Although zero-percent financing might seem attractive, consumers should be aware of any hidden fees embedded in the offer, and should ensure that they are able to fully repay the debt once the promotional period has expired.
- Zero percent financing is an incentive offered by retailers who wish to sell products that might otherwise be unaffordable to most consumers.
- These offers are typically limited to short periods, such as six to twelve months.
- Customers often underestimate the long-term cost of such purchases, failing to recognize that their interest rate can increase substantially after the promotional period.
How Zero Percent Works
Stores often offer aggressive financing packages to incentivize customers to purchase relatively expensive items. For example, a car dealership might offer zero percent financing for a certain number of years on its vehicles. Given that most cars are priced at $30,000 or more, this type of low-cost financing might make it possible for customers to buy the car despite not having the cash available to buy it outright otherwise.
It is important to note, however, that these offers may not be as affordable as they seem. After all, zero percent offers typically last for only a limited period of time, such as six months or one year. After the promotional period has ended, any unpaid balance will typically incur a much higher interest rate. If the customer has not managed to repay the debt by that time, they might find themselves surprised by the sudden increase in monthly payments, and may even be forced into default.
Ultimately, stores that offer zero percent financing are relying on the fact that many customers will have failed to pay off the balance of their purchase by the time the promotional period is over. They therefore hope to benefit from the much higher interest rates charged afterward. Similarly, stores will sometimes increase the upfront price of the product before offering it under flexible financing terms. For instance, they might increase the cost of a car by 5% before offering it to customers under a zero percent financing program. In instances such as this, the zero percent interest offer can be misleading.

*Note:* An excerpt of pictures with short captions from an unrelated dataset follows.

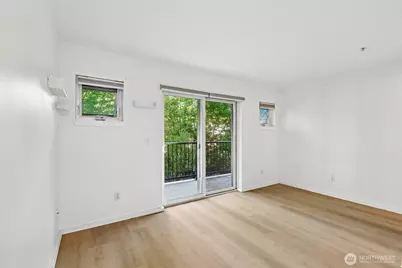 12345 Roosevelt Way NE #306, Seattle, WA 98125 - Photo 8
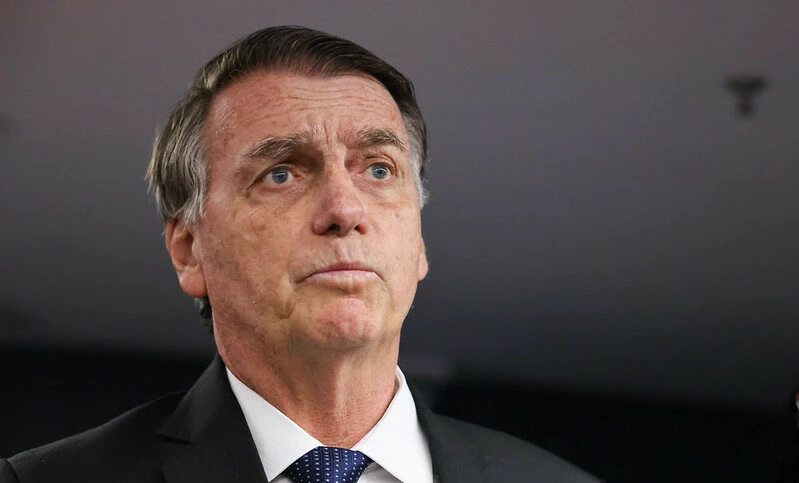 Médico: Bolsonaro pode iniciar fisioterapia nesta sexta-feira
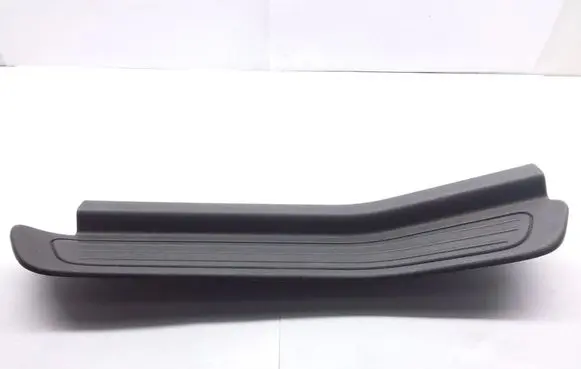 Volvo S40, V40 Rear sill trim cover 30818423 30818427 30818431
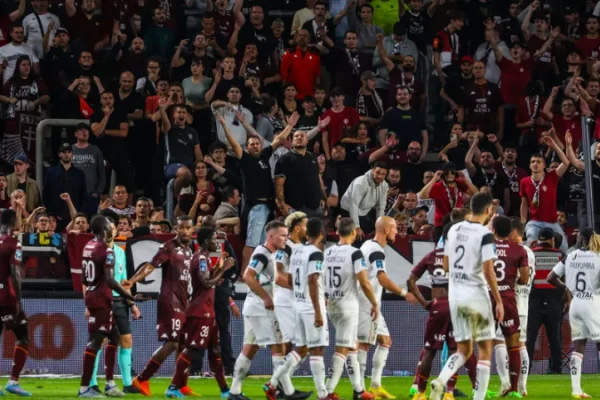 Pertandingan Metz-Guingamp Dihentikan Sementara Oleh Wasit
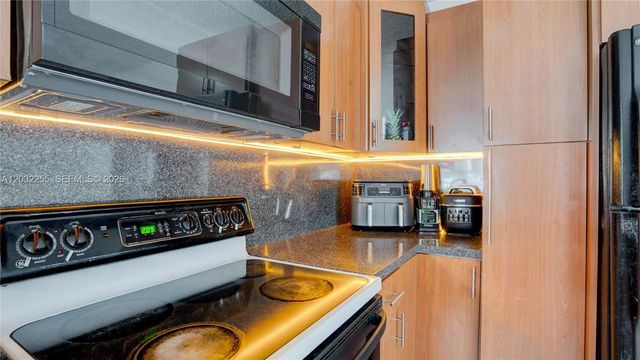 9840 SW 48th St, Miami, FL 33165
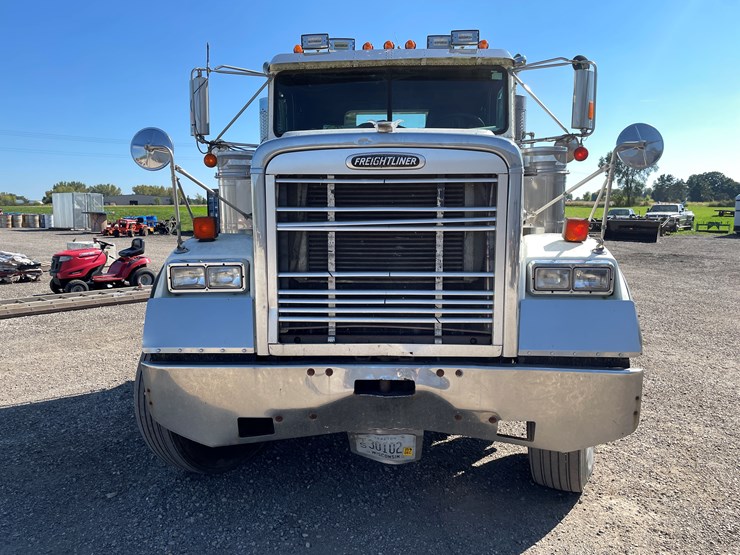 1999-freightliner-108sd-image-2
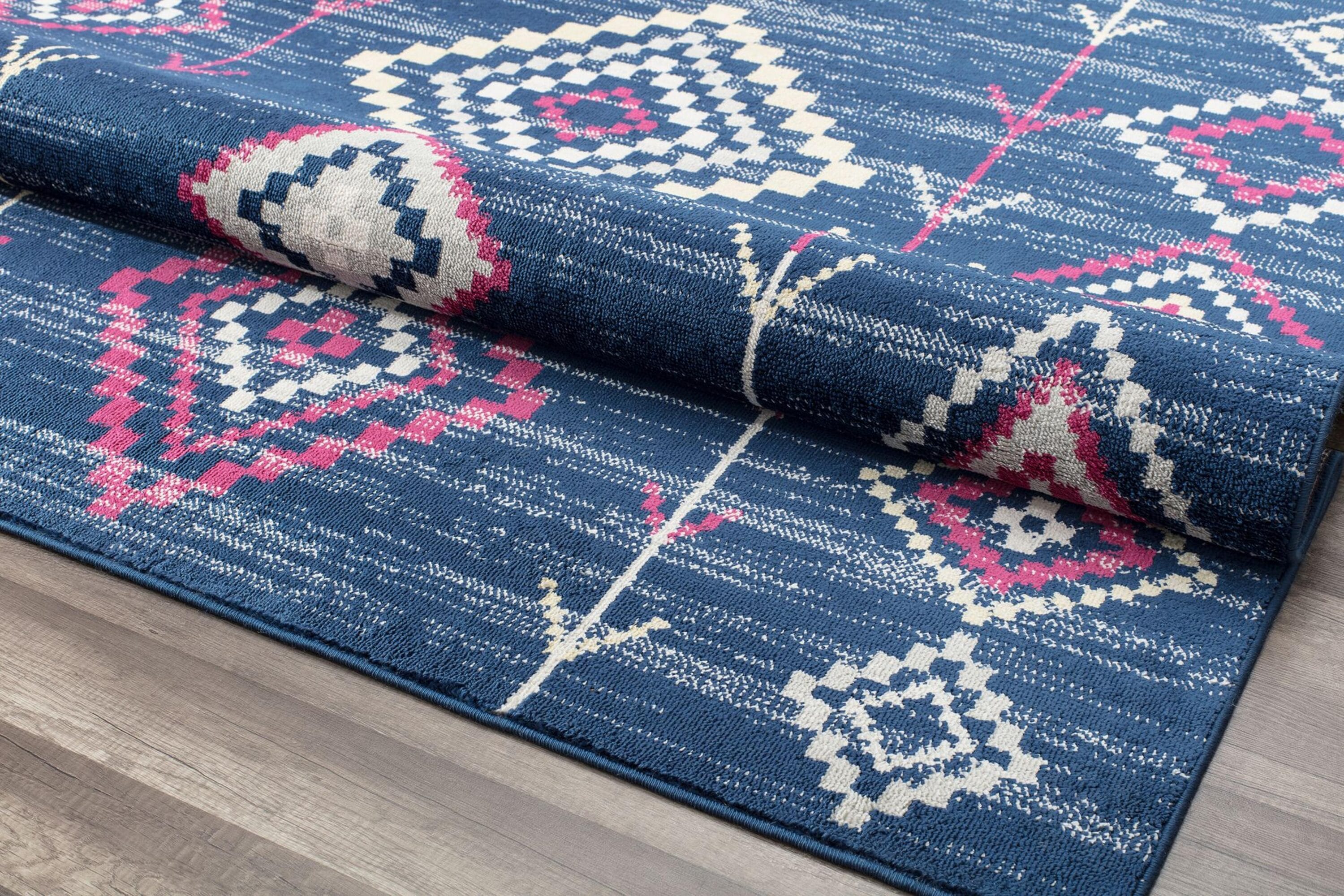 Soleil Native Navy Blue 2'x4' Synthetic Tribal Area Rug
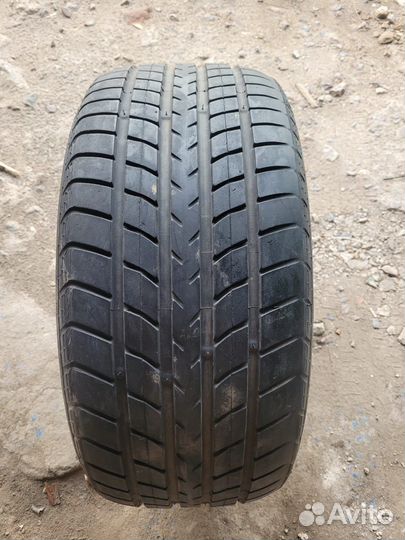 Dunlop SP Sport 8000 235/40 R18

Real World Example of Zero Percent
Kyle is shopping for a new TV at a local big-box electronics store. He is pleased to find that many of the high-end models are being offered under very generous financing terms.
One of these models, a $2,500 4K TV, is being offered with zero percent financing for twelve months. Although Kyle had only saved $1,500 toward this purchase, he reasons that there is no harm in purchasing the more expensive TV since he can delay making payments on it for a full year, even without paying interest.
Unfortunately for Kyle, he had failed to adequately read the details of the offer. One year later, he receives his first bill from the electronics store. Because the promotional period has ended, he is now being charged interest at a post-promotional rate of 20%. Unless he quickly pays off the outstanding balance of the TV, he may find that the true cost of the purchase was far greater than he had imagined.